すなわち、国際送金や決済に実際に使われる可能性が極めて高い暗号資産が、本当に登場しそうだということになる。リブラが通貨制度や金融政策に及ぼす影響は、リブラが各国内で法定通貨を凌駕(りょうが)して流通する可能性がどの程度あるかによる。この問題は、通貨の信認の低い国で米ドルが流通する「ドル化」のケースと同様で、実際にリブラが法定通貨を席巻する場合、その国の金融政策の有効性も低下せざるを得ない。
フェイスブックには全世界に20億人を超えるアクティブユーザーがいる。リブラはこれらのユーザーがスマートフォンのアプリを通じて容易に入手し、やり取りできる設計が目指されるだろう。そうなると通貨の「リブラ化」は「ドル化」以上に起こりやすいと予想される。また、2013年にキプロスで起きた金融危機の際には、ビットコインへの資金流出も生じており、政策への信認低下を契機として「リブラへの資金逃避」が起こることも考えられる。
1人3万円でIMF規模
リブラへの資金逃避は、実質的には国内の預金などから、リブラの裏付け資産を構成する外貨に資金が流出する形となる。こうしたリブラ化やリブラへの資金逃避を最も恐れるのは、政策への信認確保に問題を抱えている国の当局であろう。しかし「リブラ化」のリスクを直接の理由として、リブラの発行自体を禁じることはなかなか正当化されにくい。「リブラ化」は基本的には政策の信認低下の「結果」でしかないからだ。

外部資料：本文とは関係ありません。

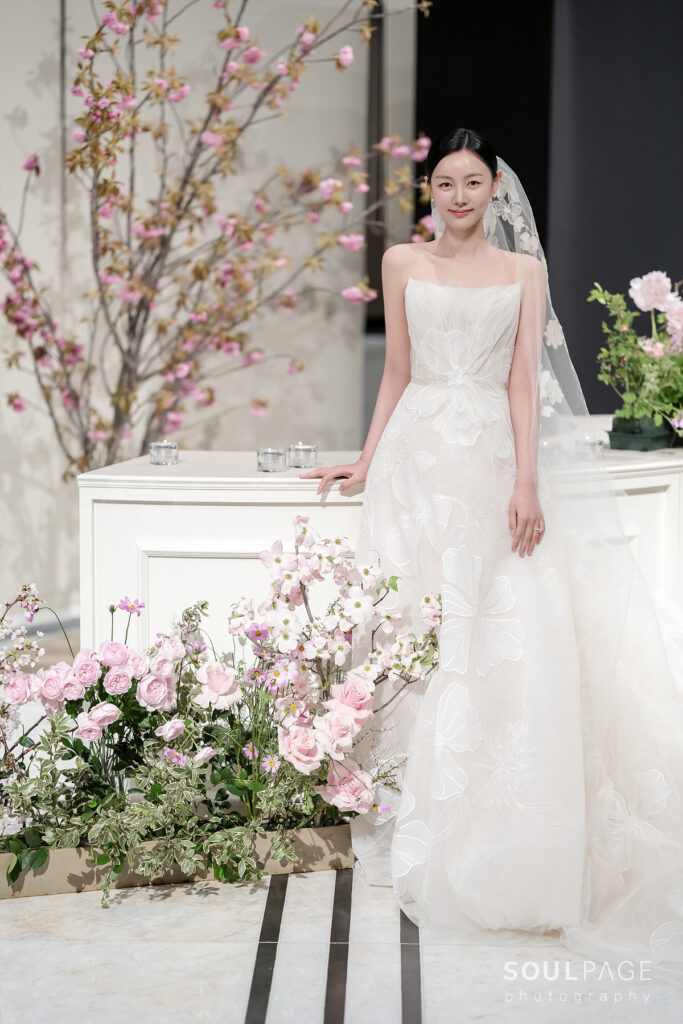 Bride in white dress by pink flowers, smiling.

リブラを禁じたところで政策が信認を失えば、外貨や他の暗号資産への資金逃避が起こり得る。それは、近年のジンバブエやベネズエラの例からも明らかだ。各国当局としては、リブラを新たな「規律付け」と捉え、政策の信認確保に努めることが求められる。
一方、リブラはその信用力を担保するため、裏付け資産として常に信認のある通貨を必要としている。そのため、米ドルやユーロなど信認の高い通貨については、よほど国際性や使い勝手が劣っていない限り、リブラに駆逐される可能性は低いだろう。しかし、リブラの規模が拡大すれば、その裏付け資産となる通貨の選択や構成比を変更することが、主要通貨の需給にも影響を及ぼす。

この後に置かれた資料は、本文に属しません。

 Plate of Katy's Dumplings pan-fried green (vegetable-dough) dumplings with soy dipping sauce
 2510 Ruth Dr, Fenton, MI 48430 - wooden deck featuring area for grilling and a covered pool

例えば、20億人超のフェイスブックユーザーがそれぞれ3万円程度のリブラ残高を持つだけで、IMFの出資合計額に匹敵することになる。さらに、20万円程度のリブラを持てば合計残高は日本のGDP(国内総生産)並みとなってしまう。このようにリブラの規模が拡大した場合、リブラが特定の通貨の裏付け資産への採用・不採用や構成比の変更をアナウンスしただけで為替市場に大きな影響が及び得る。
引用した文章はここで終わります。